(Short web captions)
----------------
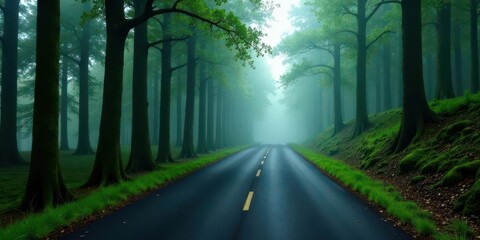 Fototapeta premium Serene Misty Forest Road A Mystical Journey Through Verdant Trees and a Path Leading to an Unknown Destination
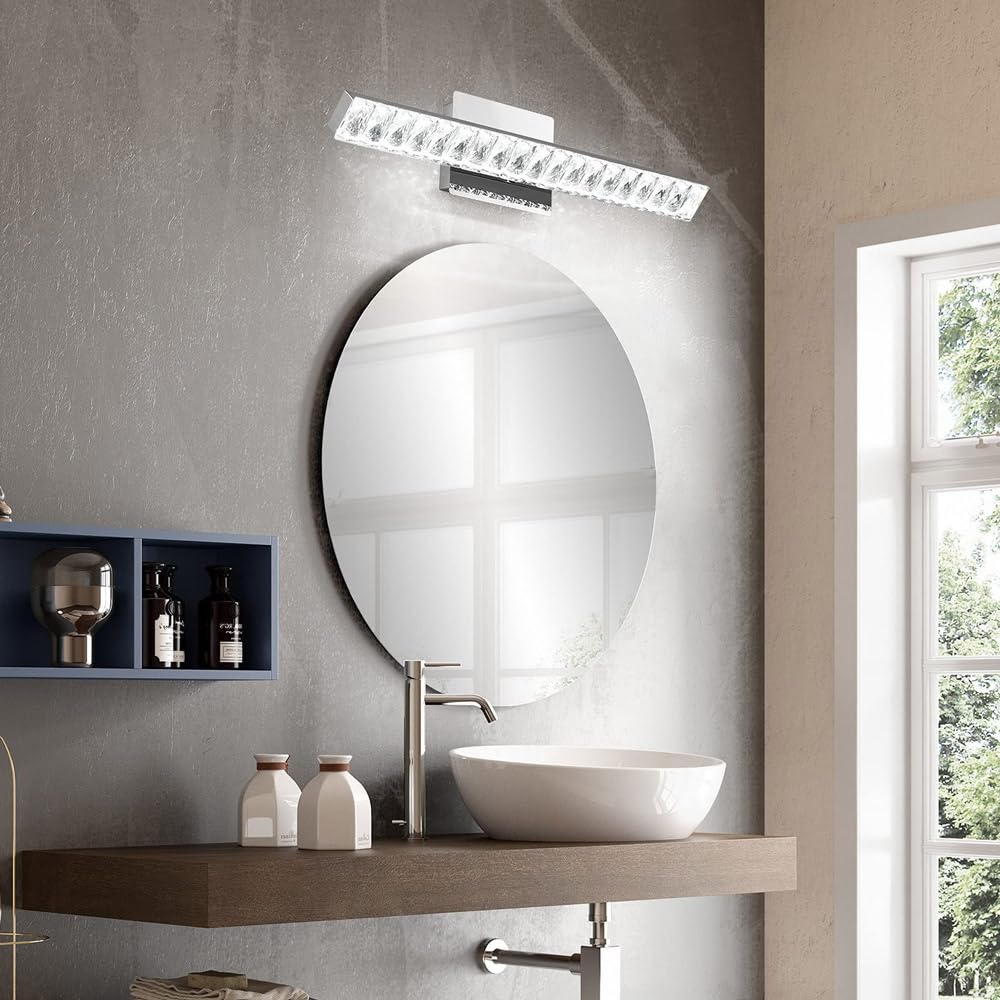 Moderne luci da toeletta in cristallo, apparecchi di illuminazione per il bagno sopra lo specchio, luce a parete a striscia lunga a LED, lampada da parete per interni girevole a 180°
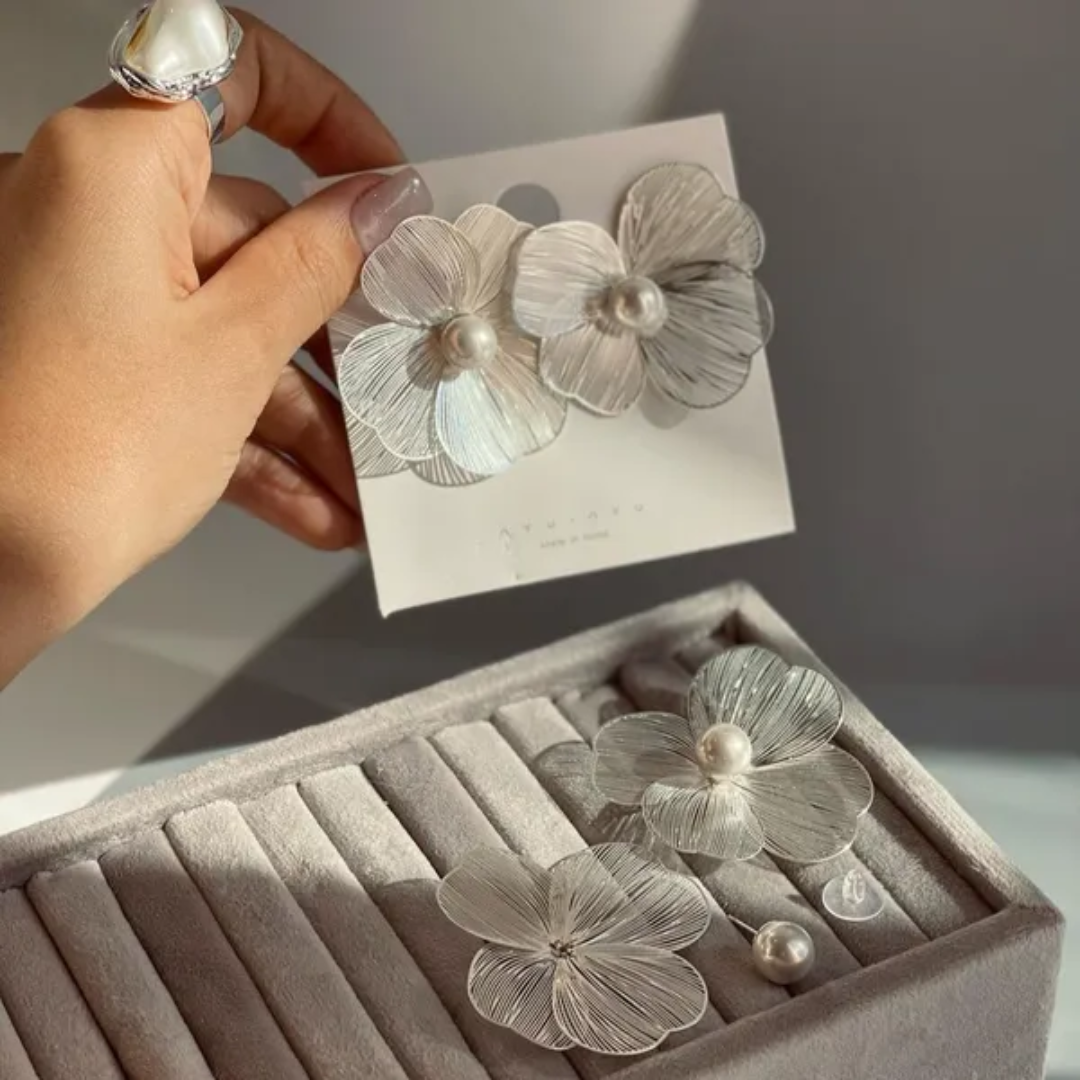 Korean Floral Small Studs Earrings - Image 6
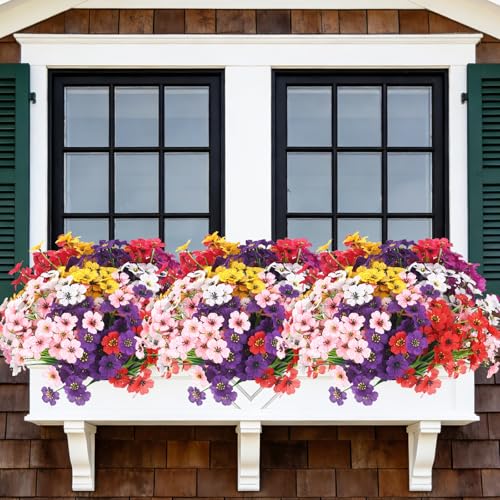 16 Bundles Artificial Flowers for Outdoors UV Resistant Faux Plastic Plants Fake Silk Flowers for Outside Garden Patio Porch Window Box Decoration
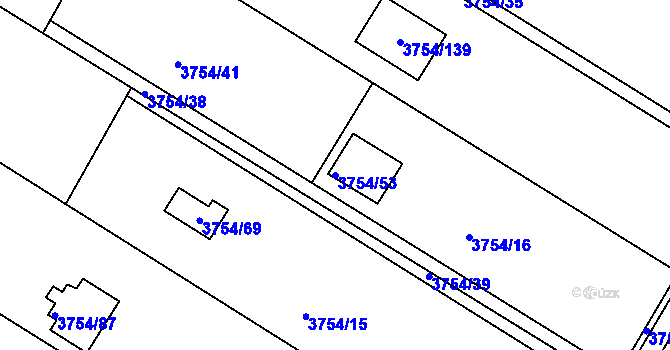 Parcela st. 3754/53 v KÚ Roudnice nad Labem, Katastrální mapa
----------------
_WHAT NEEDS TO BE DONE_
Except for the pictures, set down all of the records exactly.

_YOUR SOLUTION_
 Fototapeta premium Serene Misty Forest Road A Mystical Journey Through Verdant Trees and a Path Leading to an Unknown Destination
 Moderne luci da toeletta in cristallo, apparecchi di illuminazione per il bagno sopra lo specchio, luce a parete a striscia lunga a LED, lampada da parete per interni girevole a 180°
 Korean Floral Small Studs Earrings - Image 6
 16 Bundles Artificial Flowers for Outdoors UV Resistant Faux Plastic Plants Fake Silk Flowers for Outside Garden Patio Porch Window Box Decoration
 Parcela st. 3754/53 v KÚ Roudnice nad Labem, Katastrální mapa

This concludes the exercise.